I am going to express a modicum of sympathy for the Duke University basketball program. Duke just won the ACC regular season and tournament titles. They are 29-5 and, according to Ken Pomeroy's ratings, the best team in the country. They drew a #1 seed in the NCAA Tournament. So what is their reward for a season of excellence? A bracket in which they could end up playing Texas A&M and then Baylor in Houston.

Pitt faces a similar issue. The Panthers are 24-8 and, according to the NCAA, one of the 12 best teams in the country. What is their reward? A potential Sweet Sixteen matchup with BYU in Salt Lake City. (One caveat: since I mentioned KenPom's ratings earlier, I should mention that Pomeroy has BYU as the seventh-best team in the country, so this is not an injustice according to my preferred methodology. That said, the NCAA doesn't use KenPom's ratings, so by their standards, they screwed Pitt.)
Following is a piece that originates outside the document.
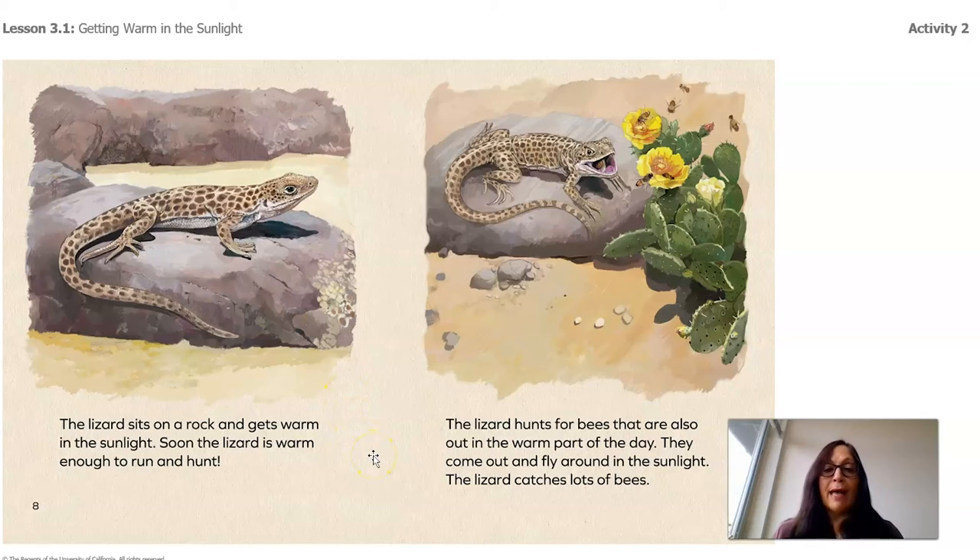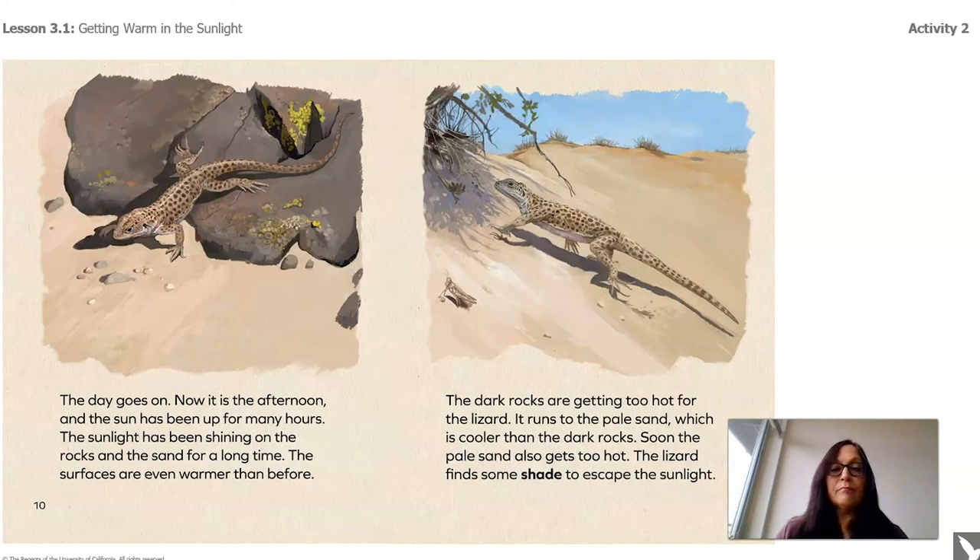The lizard sits on the rock and gets warm in the sunlight. Soon the lizard is warm enough to run and hunt. The lizard hunts for bees that are also out in the warm part of the day — it catches lots of bees. The day goes on, and now it is the afternoon. The sun has been up for many hours — how do you think the surfaces are feeling right now? Are they cool, warm, hot, or too hot?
The NBA, NHL, and MLB all have interminably long regular seasons followed by short, overvalued playoffs, but at least those three leagues have the decency to give incentives to teams in the form of homefield/court/ice advantage. If the Lakers have a great season, then they are rewarded by getting to play extra home games in the playoffs. College basketball doesn't even have that reward. Teams play all year for a chance at being slightly closer to home for the couple games that will decide whether their seasons are successes or failures, but even if a team does everything right and gets a #1 seed, there is still a reasonable chance that it will end up in someone else's backyard.

Moreover, the same commercial pressure that is pushing the NCAA to further expand an already gaudy tournament also causes the NCAA to put teams like Duke and Pitt is difficult situations. It cannot be a coincidence that Baylor and Texas A&M are both in the South bracket when the NCAA needs to sell thousands of tickets for a regional at Reliant Stadium. Duke ends up being penalized by the NCAA's need to maximize revenue. Couldn't the NCAA have adopted a more neutral way to draw Texans to the regional, like say burning Thomas Jefferson in effigy?

I will now return to my normal Vicious Little Ferret jokes.


Jesse said...

Duke did not win the regular season title outright, they split it with Maryland.

Not that any of that relates to your point, just saying. And since it is Duke, I can not agree with you, but will agree regarding Pitt.

As for the money issue, isn't that really what all sports have devolved to by now? Money drives the rules that every sport lives in, expecting anything else is futile.

Anonymous said...

At least Duke gets a chance to play for a title. They probably wouldn't in football: it would be Kansas v. Kentucky in the BCS game, while Duke enjoyed some pointless, bloated bowl match up of no consequence.

chg said...

Duke only gets a chance to play for the title if they make it past five other games first.

Now is when you respond, "but they have a chance to win those games and make it there! The BCS is wrong!!!"

I will then point out that the same can be said for any legitimate title contender in CFB. The only distinction is the games are called playoff games in basketball, and regular season games in CFB.

2004 Auburn!
(Shrug) Sometimes stupidity wins out. No system is perfect, but college football has crowned the best team with the greatest complete body of work far more often than basketball.

I think that is important, and I do not give a whit about attracting sports dilettantes who fill out a bracket based on mascots and where their brother-in-law went to college. You disagree on both counts.

Isn't this a fun discussion? Lets bring it up again and again whenever there is an opportunity.